Start `piker.storage` subsys: cross-(ts)db middlewares #486

goodboy · 2023-03-09T20:35:02Z

Launch pad for work towards the task list in #485 🏄🏼

As a start this introduces a new piker.storage subsystem to
provide for database related middleware(s) as well as new storage
backend using polars and apache parquet files to implement
a built-in, local-filesystem managed "time series database":
nativedb.

After some extensive tinkering and brief performance measures I'm
tempted to go all in on this home grown solution for a variety of
reasons (see details in 27932e4) but re-summarizing some of them
here:

wayy faster load times with no "datums to load limit" required.
smaller space footprint and we haven't even touched compression
settings yet!
wayyy more compatible with other systems which can lever the apache
ecosystem.
gives us finer grained control over the filesystem usage so we can
choose to swap out stuff like the replication system or networking
access.
polars already has a multi-db compat layer with multi-engine
support we can leverage and completely sidestep integration work
with multiple standard tsdbs?
- https://pola-rs.github.io/polars-book/user-guide/io/database/

Core dev discusssion

we've put some work into marketstore support machinery
including:
- docker supervisor subsys, spawning, monitoring (which is still
  super useful going forward FWIW!).
- anyio-marketstore an async client written and maintained by
  our devs.
- originally using the rt ingest and re-publish over websocket
  features.
  AND the question is whether we're ok abandoning some of this
  and/or reimplementing it on our own around the new apache data
  file/model ecosystems?
we can definitely accomplish ingest, pub-sub and replication
on our own (without really much effort) with the following
existing subsystems and frameworks:
- ingest: tractor actor which writes to apache arrow (IPC)
  files and flushes to parquet on size constraints.
- pub-sub: again with tractor actor and trio-websocket
- replication: use a modern filesystem (btrfs or zfs) and or
  something like borg (with it's unofficial API client) to
  accomplish file syncing across many user-hosts.
  - borg has a community API: https://github.com/spslater/borgapi
  - other file systems:
    - https://nixos.wiki/wiki/ZFS
should we drop all the existing marketstore code?
- it's quite a bit of noise and not going to work anyway given
  the new implementation changes in the .data.history layer.
- the issues we've reported are not getting resolved and are more
  or less deal breakers, like marketstore: gRPC snappy compression crash? #443
- likely the new arcticdb is a better solution longer run then
  mkts was anyway given it's large insti usage..?

ToDo:

goodboy · 2023-03-09T20:44:58Z

We can convert this to a draft if necessary if/when #483 lands

Previously we were passing the `fqme: str` which isn't as extensive nor were we able to pass `MktPair` direct to backend history manager-loading routines (which should be able to rely on always receiving it since currently `stream_quotes()` is always called first for setup).

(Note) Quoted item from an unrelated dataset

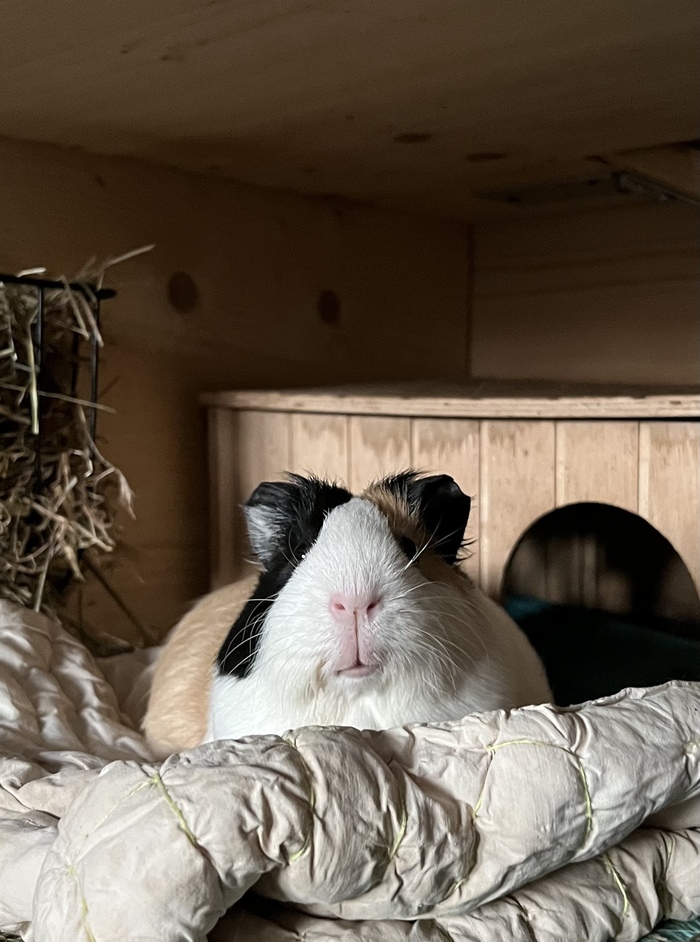 Кнопа- свинья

This also starts a slight bit of configuration oriented tsdb info loading (via a new `conf.toml`) such that a user can decide to host their (marketstore) db on a remote host and our container spawning and client code will do the right startup automatically based on the config. |-> Related to this I've added some comments about doing storage backend module loading which should get actually written out as part of patches coming in #486 (or something related). Don't allow overruns again in history context since it seems it was never a problem?

guilledk · 2023-06-07T16:29:56Z

I'm in favor of doing or own solution and I would rather stop maintaining any marketstore related coded, in the end we were almost gonna spend as much work mantaining marketstore that just doing our own thing right.

goodboy · 2023-06-08T22:05:51Z

I'm in favor of doing or own solution and I would rather stop maintaining any marketstore related coded, in the end we were almost gonna spend as much work mantaining marketstore that just doing our own thing right.

yup totally agree!

ok then i'll be putting up some finishing functionality touches, hopefully tests, and then dropping all that junk 🏄🏼

goodboy · 2023-06-14T18:10:22Z

To give an idea of what the parquet subdir looks like now, much in similarity to how marketstore laid out it's own internal per table binary format files except using less space and actually being a file type data people can use 😂

The plan is to offer multiple tsdb and other storage backends (for a variety of use cases) and expose them similarly to how we do for broker and data providers B)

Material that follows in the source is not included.